- Artist: Norman Rockwell
- Year: 1956
- Medium: Oil on canvas
- Dimensions: 117 cm × 84 cm (46 in × 33 in)
- Location: National Scouting Museum;

= The Scoutmaster =

1956 painting by Norman Rockwell

The Scoutmaster is a 1956 painting by American illustrator Norman Rockwell. It was originally created by Rockwell for the 1956 Brown & Bigelow Boy Scout Calendar. Since then, it has become one of the most collected images that Rockwell created for the Boy Scouts of America.

==Creation==
Rockwell set out to create a painting dedicated to the Scoutmasters of the United States. In 1953, he visited the 4th National Scout jamboree at Irvine Ranch. Rockwell, who used photographs as a source for his paintings, was staging a photo shoot at the jamboree. He approached a Scoutmaster from Oakland and asked him for four boys to pose for a photo. One of the four chosen was Howard Lincoln who would become the chairman of Nintendo of America and later the CEO of the Seattle Mariners. Lincoln is directly to the right of the campfire. The four Scouts set up tents and built a fire in the middle of a 90 F day. Rockwell found a professional Scouter at the jamboree headquarters to pose as the Scoutmaster for the all-day photo shoot.

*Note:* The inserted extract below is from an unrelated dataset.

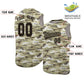 Custom Brown Khaki-Black Camo Fashion Authentic Sleeveless Baseball Jersey Limited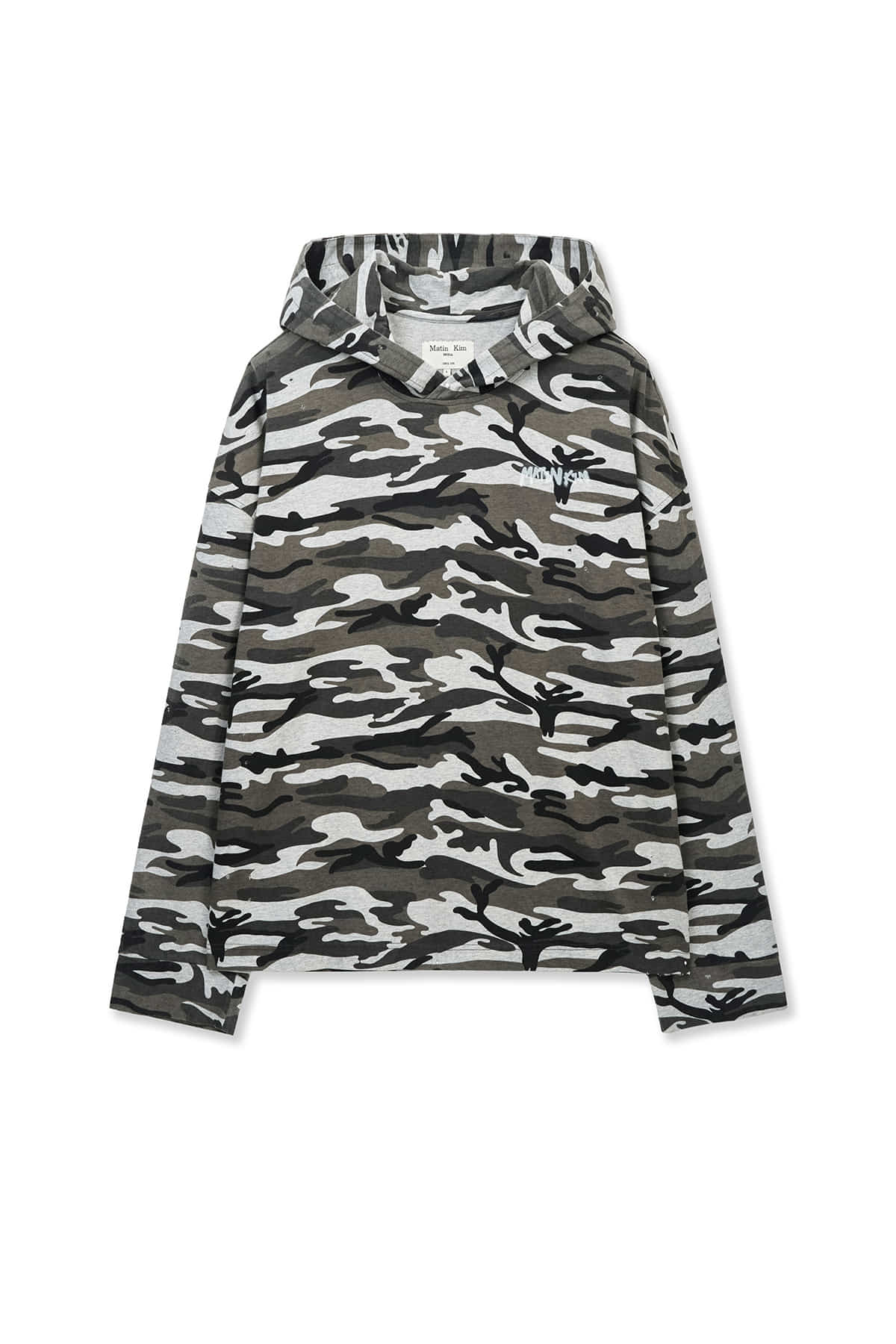 [matinkim] TYPO ARTWORK CAMOUFLAGE HOODY IN KHAKI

Later that year, Lincoln and the other three Scouts each received a $25 check and a letter from Rockwell asking them to sign a release. Over the course of the next three years, Rockwell turned the daytime pictures into a nighttime painting. The tents in the painting were modified to be civilian tents with guylines and sidewalls instead of military-style pup tents. It debuted as the 1956 Boy Scout Calendar published by Brown & Bigelow.

==Composition==
The painting is a late night scene that features a Scoutmaster, in full uniform, looking into the dying remains of a campfire. The cookware for that night's dinner is still visible. In the background four Scouts are asleep in two tents. Lincoln is in a white shirt directly to the right of the Scoutmaster; his face is visible.

==Reception and legacy==
The Scoutmaster received praise from Peggy Heinkel-Wolfe who referred it is as one of Rockwell's "master works".

The painting was utilized by the Boy Scouts of America as the cover art for the 1960 edition of the Scoutmaster's Handbook and an issue of the magazine Boys' Life.